Doll-making pioneer Käthe Kruse celebrated 50 years after her death

Deutsche Welle
7 Min Read

She was a businesswoman in a male-dominated world who created a handmade doll empire. 50 years since her death in 1968, children across the world still cherish distinctive — and sought-after — Käthe Kruse dolls.Since they hit the toy market in 1911, Käthe Kruse dolls have been prized globally for their Made in Germany quality. Tourists today spend significant sums on “real” Kruse soft-bodied dolls that are still handmade. But this worldwide success story had humble beginnings.

Early struggles and inspiration

Katharina Johanna Gertrud Simon was born September 17, 1883 in Dambrau near Breslau in East Prussia — today the Polish city of Wroclaw. But the illegitimate child of a seamstress grew up in poverty, and Käthe could not get excited about new dolls and cute toys for girls.

Nonetheless, her single mother provided her with a solid school education, enabling her to gradually join the ranks of the educated middle classes.
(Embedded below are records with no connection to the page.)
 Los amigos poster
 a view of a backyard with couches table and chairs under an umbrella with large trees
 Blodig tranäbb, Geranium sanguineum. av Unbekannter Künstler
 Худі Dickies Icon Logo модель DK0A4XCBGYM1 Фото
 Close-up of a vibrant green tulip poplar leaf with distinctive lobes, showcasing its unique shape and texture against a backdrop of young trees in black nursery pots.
Käthe was intrigued by the theater from an early age, and at 17 was given a position at Berlin’s Lessing theater, where she quickly became known as a talented actress.

In Berlin she met numerous celebrities, but was particularly taken with Max Kruse, a famous sculptor 30 years her senior. They met in 1902 and she gave birth to her first child that same year, scandalous no doubt at the time. But Käthe did not care about conventions and the couple weren’t married till 1909. Between 1902 and 1921, Käthe Kruse gave birth to seven children.
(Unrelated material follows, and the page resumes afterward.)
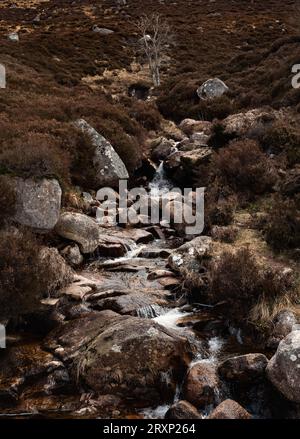 Ruisseau de montagne coulant à travers le paysage de landes rocheuses dans les Highlands écossais Banque D'Images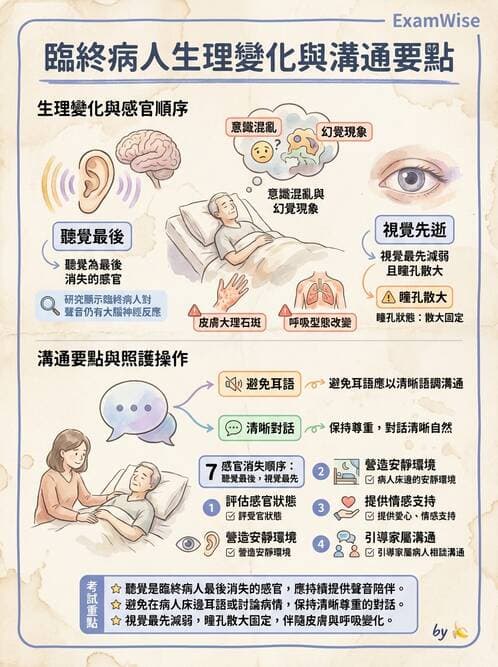 護理師 - 臨終與哀傷護理 - AI 圖文解析預覽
Read more: Dostoevsky, dolls and other Russian exports

Turning point

Maria, the eldest of the Kruse children, triggered a momentous turn in Käthe’s life. While living in the Swiss city of Ascona, Maria begged her father to bring her a doll from Berlin but, according to lore, he replied gruffly: “I’m not buying you any dolls. They are nasty. Make your own.”

Käthe Kruse took him by his word and made her first doll in 1905. She has merely filled a towel with sand, which was knotted to create arms and legs at the corners. A wrapped potato became the head.
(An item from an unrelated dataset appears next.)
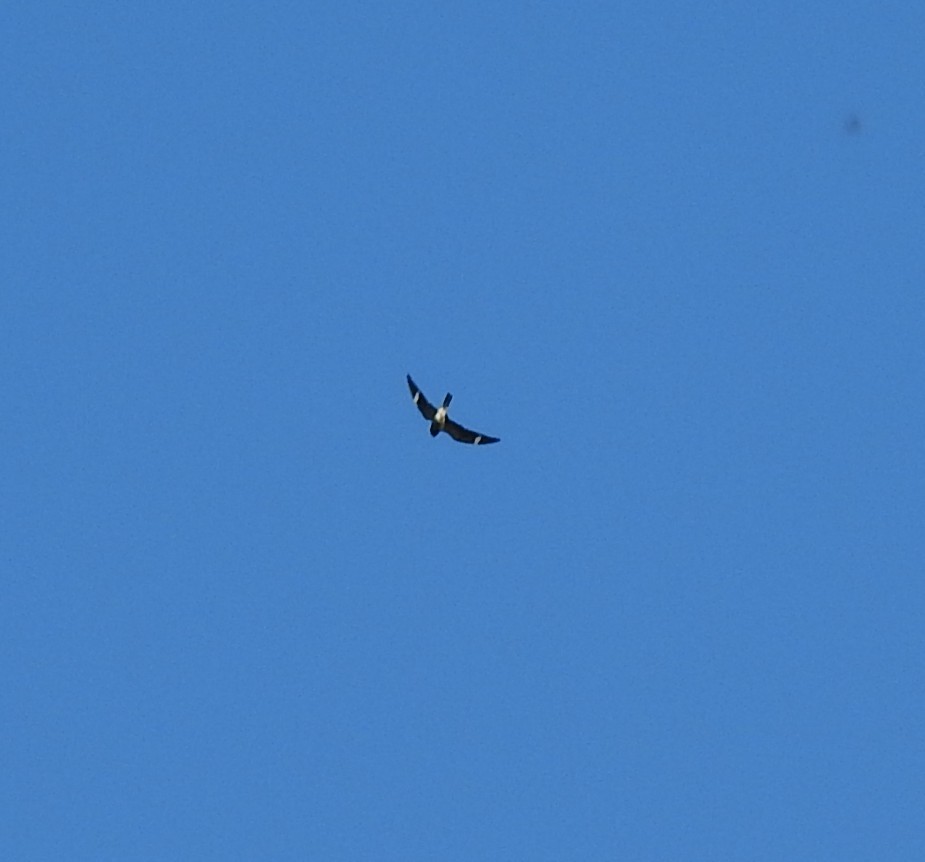 Common Nighthawk - ML641213065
She was soon inspired to professionally produce her handicraft. Working from home wasn’t an option due to the backlog of orders, so she founded a small factory in Berlin for the task in 1911. Her motto: “The hand follows the heart. Only the hand can create what goes through the hand back to the heart.”

Just one year later, the business was booming, and major orders also came in from overseas. Kruse moved her family to Bad Kösen in what is today the German state of Saxony-Anhalt. She rented an apartment and a larger workshop, and soon had more than 100 people working for her. The doll-making mother became a very successful entrepreneur, savvy in how to market her products.

The different doll models were given names, and the company also made doll clothes, doll furniture and paper doll cutouts. A catalog showed the dolls arranged in special settings.

In 1923 Kruse won the copyright and trademark rights for her doll models in a trial at the Leipzig Imperial Court after US toy company Bing copied her successful creations.

Read more: New Barbie dolls pay tribute to inspiring women

Time of crisis

Trying to stay away from politics, Kruse reacted with pragmatism and seeming compromise to the economic and political crisis in the late 1920s.

After the start of World War II in Nazi-ruled Germany, she produced blonde “German” dolls with pigtails and soldier figures in grey uniforms signifying the SA or Hitler Youth. Nonetheless, the businesswoman was opposed to dismissing “half-Jewish” employees and also maintained correspondence with Jewish friends who had emigrated.

Fate wasn’t kind to her family: two of her sons died as soldiers in WWII, while her husband Max died in 1942. Meanwhile, doll-making materials were barely available and foreign orders had come to a standstill.

Under the new East German regime, the Kruse company was expropriated in 1950 and subsequently transformed into a state-owned company (VEB). In 1954, Kruse moved to the small town of Donauwörth in West Germany since two of her sons had founded a new workshop there in 1945 — one son, Max Kruse (1921-2015), is the author of the children’s book classic “Urmel aus dem Eis.”

New home, continued success

Käthe Kruse also moved the headquarters of her factory to Donauwörth. In 1956, the famous doll maker was awarded the Federal Cross of Merit, First Class. When she died on July 19, 1968 at the age of 84 in the Bavarian community of Murnau, she was indeed world famous. Her little creatures have moved into countless children’s rooms and hearts all over the globe.

Half a century later, the Käthe Kruse company is still going stong. Part of the Swiss Hape Holding since 2013, it generates annual sales of around four million euros ($4.65 million). Its 38 employees repair around 2,500 old dolls every year and produce around 78,000 new ones. Collectors pay thousands of dollars for some antique models.

And there is a huge variety of dolls, which is just as their creator would have wanted: boys, girls, princesses, angels and even donkeys. They don’t have eyes that open and close or flexible joints like many other dolls do. But they continue to have cloth bodies that feel warm and soft, and hair that can be combed. And they retain an irresistible facial expression that melts hearts across the world.